ESG funds gain traction in Asia

New energy technology and and sustainability themed funds are expected to perform well, a report finds

During the pandemic, thematic investing remained a popular option among Asian investors, with net inflows of $19.3bn in 2021, a slight drop from $19.8bn in 2020, according to Cerulli Associates.

There were 198 sector equity funds domiciled in Asia last year, up from 112 in 2020.

To search for higher returns amid prolonged low interest rates, Asian investors turned to equity funds in 2021, especially thematic-focused strategies.

The asset class gathered net inflows of $155.6bn in 2021, accounting for 27.9% asset growth, the highest among all asset classes.

Among which, Asia-domiciled global large-cap equity funds posted positive monthly net inflows throughout 2021, with total NAV of $42.8bn.

The most popular sector was technology, which posted positive monthly net inflows during 2021, aggregating $13.3bn.

“[We] expects thematic investing to regain its momentum in 2022, riding on megatrends such as technology, healthcare, consumer discretionary, and sustainability,” said Jaslyn Ong, research analyst in Cerulli latest research.

 “It is also important to bear in mind that product innovation and investor education will go hand in hand to ensure steady traction in thematic strategies over the longer term,” he added.

However, as thematic funds are typically used for shorter-term bets, investors may book profits after gains, prompting Cerulli to worry about “the stickiness of investors in these funds”

Furthermore, returns for equity funds slipped in 2021, with technology and healthcare funds’ returns falling 9.3% and 1.2% in 2021 from gains of 47.1% and 23.9% in 2020, respectively.

“Investors are likely to seek safer bets in mixed-asset strategies to reap the upside potential with downside protection,” said Ong.

ESG-related themes

Cerulli also noted the popularity of sub-themes in Asia such as climate change, electric vehicles, and clean energy, against a backdrop of a push to net-zero transition by 2050 under the Paris Agreement.

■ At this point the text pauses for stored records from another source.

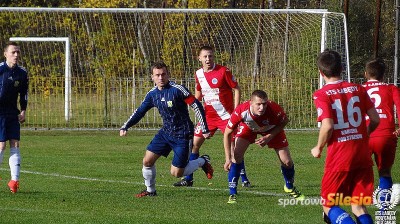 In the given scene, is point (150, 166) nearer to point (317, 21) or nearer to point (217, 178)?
point (217, 178)

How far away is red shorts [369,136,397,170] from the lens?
11.1m

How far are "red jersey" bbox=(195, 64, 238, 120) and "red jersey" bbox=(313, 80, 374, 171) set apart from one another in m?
5.81

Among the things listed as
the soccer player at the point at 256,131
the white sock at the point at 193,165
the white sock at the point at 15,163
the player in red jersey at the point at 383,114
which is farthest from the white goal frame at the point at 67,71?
the player in red jersey at the point at 383,114

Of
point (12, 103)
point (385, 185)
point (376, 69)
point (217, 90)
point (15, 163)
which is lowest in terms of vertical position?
point (385, 185)

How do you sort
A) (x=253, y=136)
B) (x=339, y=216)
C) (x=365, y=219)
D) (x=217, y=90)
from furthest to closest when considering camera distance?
(x=217, y=90), (x=253, y=136), (x=365, y=219), (x=339, y=216)

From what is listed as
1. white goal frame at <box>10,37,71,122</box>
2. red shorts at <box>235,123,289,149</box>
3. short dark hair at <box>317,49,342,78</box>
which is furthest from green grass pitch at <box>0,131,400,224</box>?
white goal frame at <box>10,37,71,122</box>

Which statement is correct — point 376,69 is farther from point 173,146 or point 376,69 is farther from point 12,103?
point 12,103

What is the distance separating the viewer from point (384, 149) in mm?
11125

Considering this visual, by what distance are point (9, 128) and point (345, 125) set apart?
626cm

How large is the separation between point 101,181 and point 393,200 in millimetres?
5053

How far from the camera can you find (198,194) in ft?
42.1

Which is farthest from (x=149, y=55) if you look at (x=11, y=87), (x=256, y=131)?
(x=256, y=131)

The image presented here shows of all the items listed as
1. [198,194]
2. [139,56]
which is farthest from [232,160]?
[139,56]

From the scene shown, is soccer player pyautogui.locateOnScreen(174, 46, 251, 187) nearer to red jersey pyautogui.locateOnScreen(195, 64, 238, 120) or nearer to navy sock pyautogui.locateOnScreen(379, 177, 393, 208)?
red jersey pyautogui.locateOnScreen(195, 64, 238, 120) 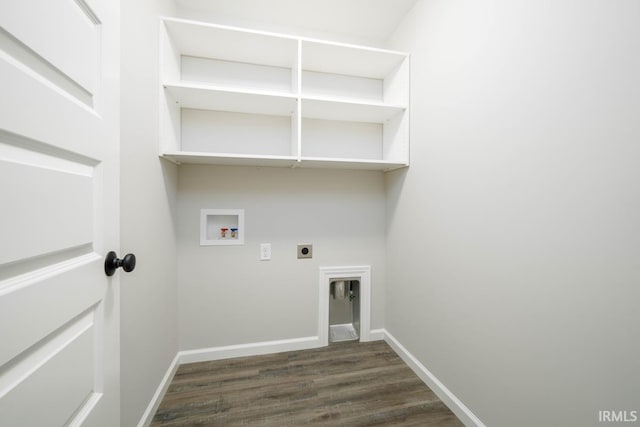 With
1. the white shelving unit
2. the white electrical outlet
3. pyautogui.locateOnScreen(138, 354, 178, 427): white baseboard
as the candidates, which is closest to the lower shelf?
the white shelving unit

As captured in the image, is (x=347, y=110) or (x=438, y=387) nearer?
(x=438, y=387)

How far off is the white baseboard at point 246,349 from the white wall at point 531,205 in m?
0.90

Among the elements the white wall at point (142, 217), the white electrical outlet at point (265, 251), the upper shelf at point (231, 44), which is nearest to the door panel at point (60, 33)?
the white wall at point (142, 217)

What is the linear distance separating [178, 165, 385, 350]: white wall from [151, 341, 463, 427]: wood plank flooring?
0.64ft

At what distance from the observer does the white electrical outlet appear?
1.89 m

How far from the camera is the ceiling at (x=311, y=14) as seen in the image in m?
1.62

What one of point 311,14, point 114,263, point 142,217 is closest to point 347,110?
point 311,14

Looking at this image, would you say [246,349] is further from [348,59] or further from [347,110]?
[348,59]

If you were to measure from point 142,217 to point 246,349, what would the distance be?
126 cm

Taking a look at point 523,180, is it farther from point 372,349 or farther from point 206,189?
point 206,189

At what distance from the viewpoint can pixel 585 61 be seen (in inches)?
32.5

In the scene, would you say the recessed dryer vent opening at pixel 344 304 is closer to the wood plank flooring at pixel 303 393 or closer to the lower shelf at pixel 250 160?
the wood plank flooring at pixel 303 393

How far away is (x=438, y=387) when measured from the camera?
1.47 m

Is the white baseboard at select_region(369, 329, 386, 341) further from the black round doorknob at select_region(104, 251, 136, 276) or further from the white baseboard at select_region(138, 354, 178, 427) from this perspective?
the black round doorknob at select_region(104, 251, 136, 276) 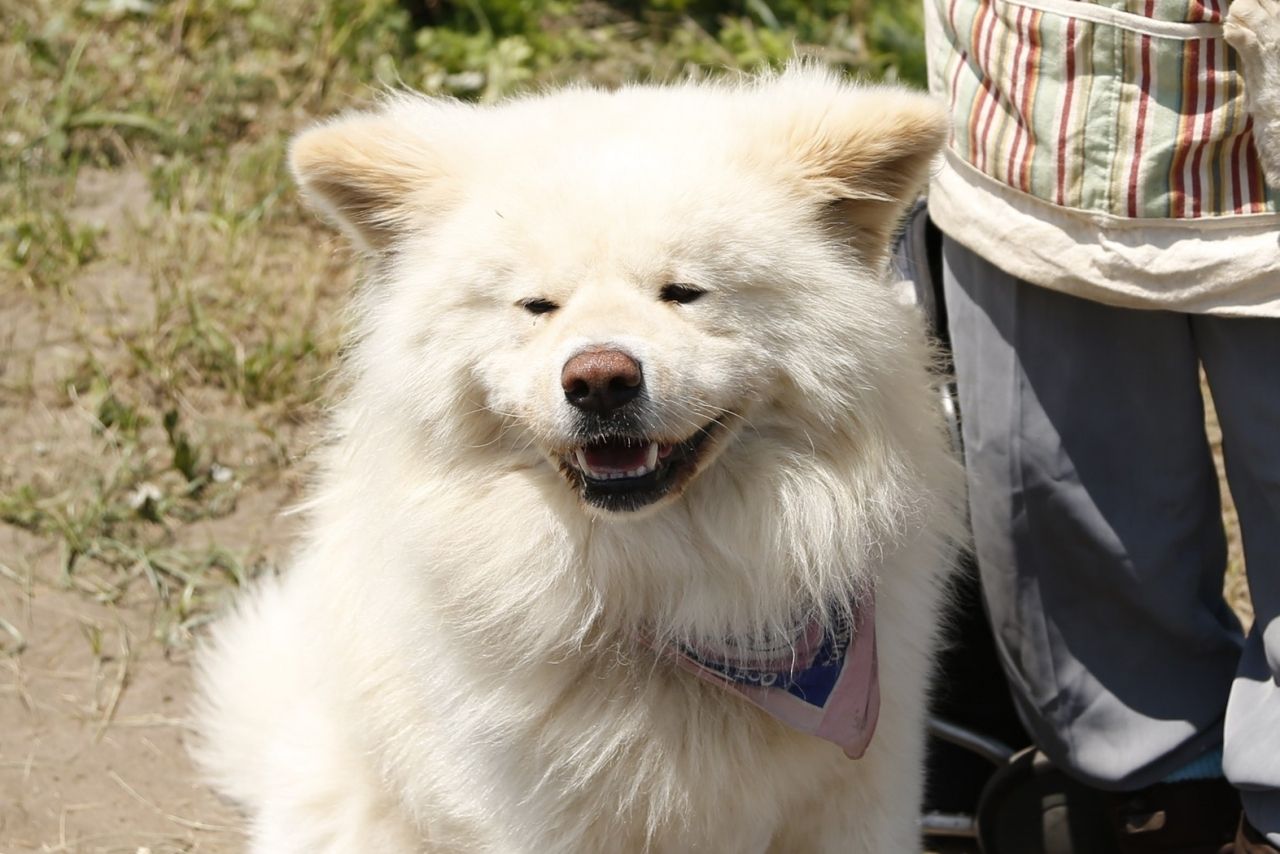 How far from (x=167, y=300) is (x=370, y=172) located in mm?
2359

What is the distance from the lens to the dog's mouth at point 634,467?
2.29m

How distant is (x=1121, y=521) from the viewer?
2.79 metres

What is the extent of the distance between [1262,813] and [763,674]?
3.47 ft

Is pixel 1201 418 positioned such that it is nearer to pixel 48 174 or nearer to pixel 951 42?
pixel 951 42

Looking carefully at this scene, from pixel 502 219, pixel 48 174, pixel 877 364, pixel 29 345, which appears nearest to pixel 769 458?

More Asian markets, such as Taiwan, Hong Kong, and Singapore, are following their European counterparts in developing their green finance sectors and guidelines to standardise and align environmental risk measures and disclosures to the local context.

To better manage risks from political and regulatory tailwinds, managers in Asia are increasingly integrating ESG in their investment processes, especially from a risk management standpoint, said Cerulli.

The popularity of ESG products can also be seen with some private banks and robo-advisory platforms curating ESG-related portfolios for their target investors, while local managers in emerging Asian markets continue to rely on global managers via sub-advisory partnerships to roll out ESG-related products.